What drives us to work? The whole idea was questioned by the philosopher Bertrand Russell, writing in an age when a strong work ethic was an unquestioned article of faith for almost everyone. “Far too much work is done in the world, [and] immense harm is caused by the belief that work is virtuous”, Russell wrote in In Praise of Idleness (1935). “Leisure is essential to civilization, …and the road to happiness lies in an organized diminution of work”.
Two generations later, his words are finding an echo in our lives. Europe is beginning to look distinctly work-averse. Paris and Brussels close down for the whole of August, as the French and the Belgians take their simultaneous and near-universal Summer holidays. Germans increasingly start their weekends at lunch-time on Friday. Traditionally upstanding Protestant countries are turning otiose. Their reputation for hard work is going the way of history, and they don’t seem unduly fussed about the fact. Indeed, many people would now agree that much of what they do in the name of work is probably a waste of time.
Time, rather than money, is increasingly what people think it’s about. Emerging trends show significant change in attitudes to work over the last two decades, both in the USA and here in Europe. The idea of driving oneself to meet stringent self-imposed work standards has tailed off Europe-wide since the late 1980s. Self-confessed workaholics in the UK have dwindled to only one in five. ‘Driven’ work habits made a come-back in the USA in the go-getting early 1990s, but they have been sliding downhill again since 1995.
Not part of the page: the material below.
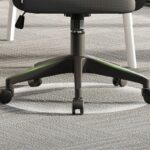 ergonomic office chair, mesh office chair, leather office chair, executive office chair, adjustable office chair, rolling office chair, swivel office chair, reclining office chair, high back office chair, low back office chair, mid back office chair, lumbar support office chair, office chair with wheels, office chair with arms, armless office chair, computer chair, home office chair, desk chair, gaming office chair, modern office chair, vintage office chair, minimalist office chair, heavy duty office chair, big and tall office chair, petite office chair, fabric office chair, breathable office chair, stylish office chair, ergonomic desk chair, office chair for back pain, posture chair, office task chair, office chair with headrest, office chair with footrest, cheap office chair, luxury office chair, budget office chair, office chair for home, office chair for work, rolling desk chair, office chair with lumbar support, ergonomic computer chair, student office chair, professional office chair, manager office chair, black office chair, white office chair, grey office chair, blue office chair, pink office chair, green office chair, brown office chair, office chair for long hours, office chair with tilt, reclining desk chair, office chair with adjustable arms, office chair with cushion, soft seat office chair, ergonomic work chair, adjustable height office chair, padded office chair, breathable mesh chair, wheeled desk chair, office chair with support, productivity chair, supportive desk chair, sitting chair for office, durable office chair, sturdy office chair, quiet rolling chair, no noise office chair, computer seating, desk seating, home work chair, ergonomic seating, office comfort chair, computer chair with wheels, executive chair with leather, mesh back office chair, chair for desk work, office chair with padding, swivel task chair, mobility office chair, adjustable executive chair, reclinable office chair, chair with support, ergonomic rolling chair, back support office chair, neck support chair, soft office chair, ergonomic mesh chair, quality office chair, boss chair, high end office chair, office chair deals, best office chair, top rated office chair, premium office chair, ergonomic chair for desk, breathable chair for office, modern swivel chair, task chair for home, computer gaming chair, adjustable backrest chair, office seat, ergonomic desk seating, chair with back relief, reclining executive chair, ergonomic workplace chair, lumbar cushion chair, sitting support chair, office furniture chair, mesh desk chair, leather task chair, rolling computer chair, headrest office chair, breathable ergonomic chair, comfy office chair, hybrid work chair, work from home chair, adjustable lumbar chair, stylish desk chair, compact office chair, chair with wheels and arms, work chair for laptop, chair with adjustable tilt, budget friendly office chair, small office chair, ergonomic solution chair, deluxe office chair, orthopedic office chair, cozy office chair, chair for productivity, workspace chair, ergonomic setup chair, computer station chair, office chair for small spaces, multi-position chair, posture correcting chair, ergonomic seat for office, seat with wheels, ergonomic office furniture, home workstation chair, laptop desk chair, sit and work chair, chair for home desk, padded swivel chair, foam seat office chair, performance desk chair, executive mesh chair, active sitting chair, luxury desk seating, ergonomic home chair, desk chair for posture, chair with ergonomic design, multifunction office chair, armrest adjustable chair, seated desk chair, ergonomic seating solution, compact desk chair, back health chair, wellness chair, office comfort seating, back-friendly office chair, supportive work chair, sit comfortably chair, healthy posture chair, long sitting chair, workplace chair, all day comfort chair, chair for daily use, spine support chair, adjustable headrest chair, ergonomic reclining chair, premium mesh chair, elegant office chair, tall back office chair, reclining back office chair, wheeled swivel chair, desk job chair, home studio chair, online work chair, multi-tasking chair, elite office chair, reclining leather chair, comfortable executive chair, adjustable seat height chair, ergonomic home office chair, breathable desk chair, mobile office chair, seat with lumbar support, advanced ergonomic chair, ergonomic chair for pain relief, task chair with support, high performance chair, task chair with mesh, posture support chair, comfort focused chair, chair for office productivity, office chair for gaming, versatile office chair, sit-stand desk chair, mesh ergonomic seat, office chair for lower back, lightweight office chair, tiltable office chair, flexible back chair, stylish ergonomic chair, office chair back rest, supportive executive chair, firm support office chair, affordable ergonomic chair, supportive task chair, designer office chair, creative workspace chair, best posture chair, health conscious chair, trendy office chair, functional office chair, mobile desk chair, ergonomic chair solution, quiet rolling office chair, everyday work chair, eco-friendly office chair, hybrid desk chair, productive chair, minimalist desk chair, space saving office chair, home office seating, professional ergonomic chair, body support office chair, adjustable workstation chair, tech friendly office chair, contemporary office chair, multipurpose office chair, orthopedic desk chair, remote work chair, seated posture chair, thick cushion office chair, active work chair, dynamic office chair, executive seating solution, reclining mesh chair, posture alignment chair, wheeled ergonomic chair, swivel chair for desk, mesh executive chair, seat with ergonomic cushion, ultimate comfort chair, foam cushion desk chair, stylish mesh chair, smart office chair, future ready chair, hybrid work setup chair, best ergonomic desk chair, professional mesh chair, modern leather chair, back pain relief chair, laptop workstation chair, posture ergonomic chair, ergonomic desk solution, comfort chair with wheels, sit right chair, balance support chair, seated workstation chair, adjustable spine support chair, luxury ergonomic chair, orthopedic support office chair, leather high back chair, premium work chair, flexible ergonomic chair, active lumbar support chair, posture perfect chair, sit well office chair, soft mesh office chair, mobility ergonomic chair, computer work chair, work chair with cushion, adjustable back cushion chair, office chair for productivity, office chair posture correct, chair with neck pillow, head and neck support chair, cozy ergonomic desk chair, posture enhancing chair, mesh chair for air flow, cooling mesh chair, summer office chair, air mesh back chair, pressure relief seat chair, contoured seat chair, spine aligning chair, and more...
What is work for? The signs everywhere imply that work’s main purpose in people’s lives has less and less to do with the gaining of material wealth. Only a quarter of people in Europe’s big five markets now claim material success as one of their goals. In Britain the number of success-seekers is falling just as fast. In the USA, more people still cling to the American dream of success, but that figure has recently receded somewhat.
By contrast, a rising number of respondents in Britain, the rest of Europe and the USA are saying that the reason they work is to make a living and survive, as opposed to ambitions of personal development or self-fulfillmebnt. The figures suggest a switch of European interest towards working for an improved personal quality of life, but dedication to work per se is progressively falling victim to what the French, with a shrug, call “M’en-foutisme”, or “Don’t-give-a-hootism”.
Simultaneously, more Europeans have been saying they would like to cut down on their commitment to the job, even if it means a drop in earnings, in order to have more time to themselves. There has been a sharp increase in respondents who say they want to take time to really appreciate things in life. The time/money equation is being re-calculated, this time in favor of Time.
How much time off are we actually getting, anyway? A multi-country check by The Economist showed that, when statutory holiday allowances and public holidays are added together, the result is surprisingly variable. The Austrians lead the chart, enjoying a positively decadent forty days a year, with their German neighbors only three days behind them. The French, Italians and Spanish all get more than the UK’s rather parsimonious 30 days, (though the British lack of free time is more due to our comparatively short ration of public holidays).
According to the chart below, Americans could claim to be the hardest workers in the West. Certainly two weeks’ annual holiday seems pretty thin, a third week only being awarded with five years’ service. However, before Europe starts sympathizing too much with its trans-Atlantic cousins, note that Americans know a thing or two about evening things up. They have things called Conventions. These are, among other things, a subtle way of getting time off without actually taking official holidays.
Around two in three members of the US work-force get to participate annually in meetings or conventions organized by their companies or trade associations, mostly in ‘relaxing locations’ like Las Vegas, and sometimes in Europe or the Caribbean. You can legitimately call it work, and even put some of it on expenses. A modest amount of training or real work is certainly expected. Nonetheless, at least half the time tends to be passed on the beach, golf-course or skeet-shooting range. All in all, even workaholic America has ways of quietly slackening the pressure of the daily grind.
We have seen the future, and it doesn’t work as hard as it used to.